Capote (2005)


I'm pretty busy studying right now so real quick here's a movie recommendation. Released back in 2005, I watched a film by the name of Capote. It was critically acclaimed and was a great movie. Playing Truman Capote, Philip Seymour Hoffman won an Academy Award for Best Actor. Watch the trailer and you'll know why. So here's the synopsis taken from IMDB. Good film people. Watch it if you have the chance.


Reading of the brutal murder of an entire family on a farm in Holcomb, Kansas, startles Truman Capote, a reporter for The New Yorker magazine, and he goes there to cover the story. What he finds is a murder without an identifiable motive, and, shortly thereafter, two men on death row for the murders who couldn't be more different. He befriends Perry, one of the two, and is befuddled to find an erudite, sensitive man, and Capote struggles to understand how such a man could be guilty of such crimes. Still, there is little doubt of Perry's guilt, for Dick, Perry's far less cultivated accomplice,has spoken of the murders in Capote's presence, though not admitting the murders were premeditated, and Perry makes no attempt to deny his participation.

Capote is so troubled and fascinated by the murders that he resolves to write a book about the incident. The problem is that the quality of his book will suffer unless he can learn what really happened on the night the crimes took place, as he would be unable to answer the very question that compelled him to devote so much time and effort to studying the murders.
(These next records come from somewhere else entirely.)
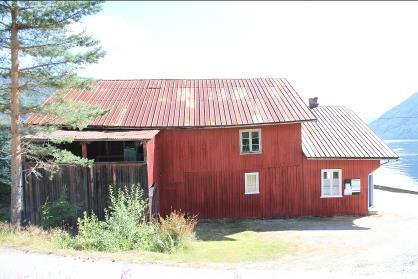 Bandaksli ID 171941-69 Varehall på Bandaksli brygge, -70 Butikk og lager, og 71 Uthus tilhørende butikk/lager på Bandaksli brygge Varehaller og pakkhus ble satt opp både på brygger og ved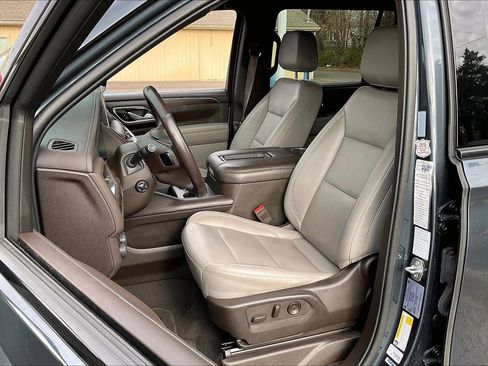 Used 2021 Chevrolet Suburban Z71 w/ Z71 Off-Road Package AWD/4WD image 21
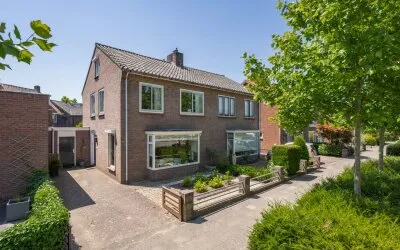 Tussenwoning te koop: Dr. Schaepmanstraat 25, Stationsbuurt Tiel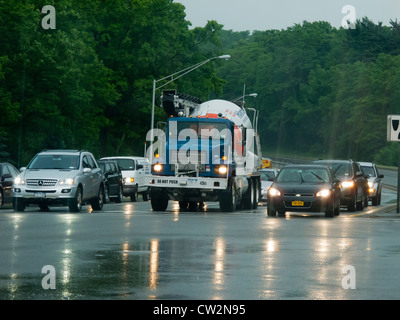 Jour de pluie sur la route, le trafic attacher, Fairport NY USA Banque D'Images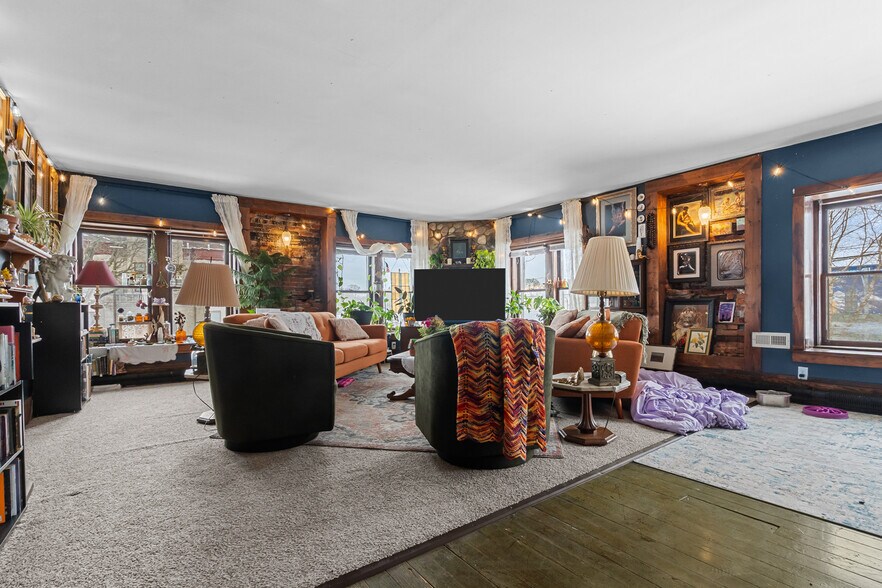 More Photos Of 105 N Broadway St, Cassopolis Office For Sale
Capote grows closer and closer to Perry, and their growing relationship and Capote's obsession with the successful completion of his project appear to motivate his attempt to intervene in the case and delay Perry's execution. In his prison visits to see Perry, he must delude him into believing that he is trying to get him a new trial and a fresh chance at acquittal. In truth, Capote's actions are self-serving, but the result is that he and Perry grow closer, and, eventually, Perry relates what really happened the night of the murders. An armed robbery went wrong, and the murders had been committed in the rage of the moment by Perry, who had been goaded by his accomplice, Dick, to kill all possible witnesses to their crime. Now in possession of the truth, Capote withdraws from the scene, perhaps understanding that the executions will now provide the final chapter of his book.

Not long after, Perry and Dick are executed, but Capote has already succeeded in understanding the Holcomb murders, and is ready to write a novel that will be celebrated as a masterpiece.